Amor e infidelidade
Carlos Eduardo Lourenço Jorge
Especial para a Folha2
Não é a espécie de história do tipo rapaz encontra garota e rapaz conquista garota, diz o diretor Sydney Pollack sobre o romance nada comum contado em Destinos Cruzados (em lançamento nacional a partir de hoje). Estas são duas pessoas que nem mesmo querem se encontrar. Toda vez que ele olha para ela pensa no marido dela na cama com a mulher dele. É como óleo e água, e ainda assim há algo de maravilhoso sobre essa combinação. Obstáculos são as coisas que realmente constroem love stories.
Harrison Ford é Dutch Van Den Broeck, detetive da Divisão de Assuntos Internos em Washington. Kristin Scott-Thomas é Kay Chandler, deputada por New Hampshire em campanha para a reeleição. Eles se conhecem em circunstâncias insólitas. Penosas. E irônicas: o avião que levava a mulher de Dutch e o marido de Kay sofre um acidente. Ninguém sobrevive. Pior: nem mesmo a reputação dos cônjuges desaparecidos na tragédia. Para acrescentar maior dor ao sofrimento, os vivos descobrem que os falecidos, encontrados lado a lado entre os destroços, tinham uma ligação bem mais forte, aquilo que a crônica da infidelidade chama de affair. Magoados, arrasados, confusos, traídos, com raiva mas...vivos. O suficiente para fazer surgir um romance inesperado, complicado, este mesmo que justifica os Destinos Cruzados do título.

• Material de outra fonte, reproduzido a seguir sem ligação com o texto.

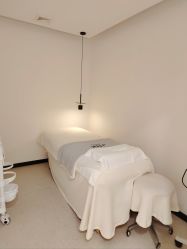 -JNK皮肤管理中心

Da data de sua publicação, em 84, até o lançamento em 8 de outubro nos Estados Unidos, a novela Random Hearts, de Warren Adler, quase rende outra novela paralela. Foram tantas as negociações, os interesses, as manipulações, as reservas de direitos, as intenções de compra, os adiamentos e protelações que Adler resolveu recentemente abrir o jogo e contar tudo, numa espécie de testemunho-desabafo sobre a real natureza do negócio das adaptações de obras literárias. Depois de muita espera e inúmeros pré-tratamentos do roteiro por várias mãos, finalmente o autor viu seu best seller deslanchar através do empenho executivo e artístico de Harrison Ford, que convocou Sydney Pollack para dirigir o projeto e sugeriu o nome de Kristin Scott-Thomas para o papel de Kay - os dois estavam escalados para atuar em Age of Aquarius, que não deu certo.

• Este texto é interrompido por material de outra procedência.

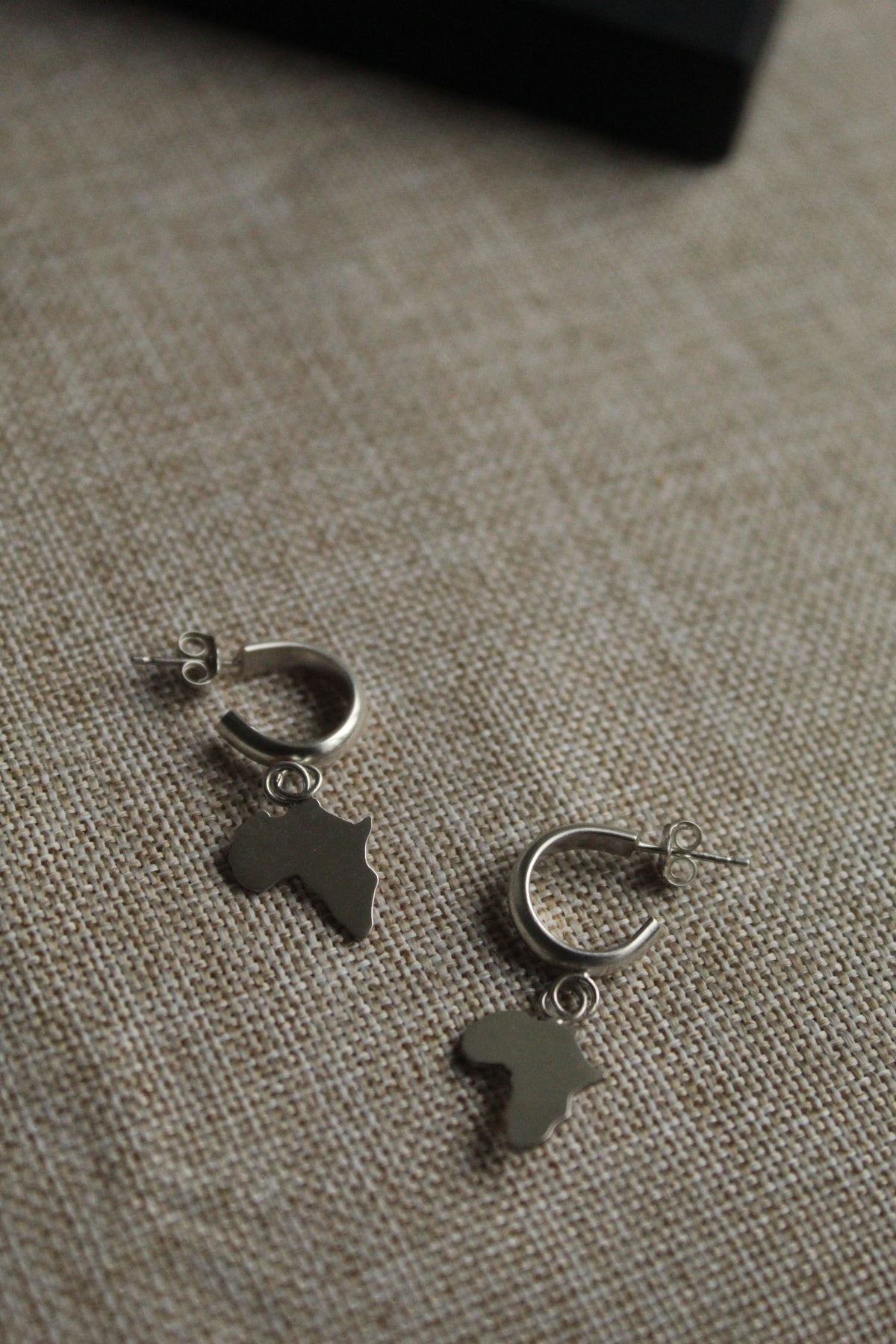 Folami || Africa Hoop Earrings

Alguns ingredientes autorizam expectativa acima da média. Quem assina o roteiro é Kurt Luedtke, que já trabalhou com Pollack em Ausência de Malícia e Entre Dois Amores, que lhe valeu um dos cinco Oscar dados ao filme em 85. A dupla Ford-Pollack já esteve reunida na refilmagem discreta do clássico Sabrina. Pollack, nas horas vagas, gosta de estar na frente das câmeras: entre suas atuações, digamos, mais memoráveis, está o incrédulo amigo de Dustin Hoffman em Tootsie e o amigo milionário e com estranhos hábitos no recente De Olhos Bem Fechados. Kristin Scott-Thomas, inglesa bela e charmosa ainda recolhendo merecidos dividendos por O Paciente Inglês, investe seletivamente na atual vertente americana de sua carreira, inaugurada via Robert Redford em O Encantador de Cavalos.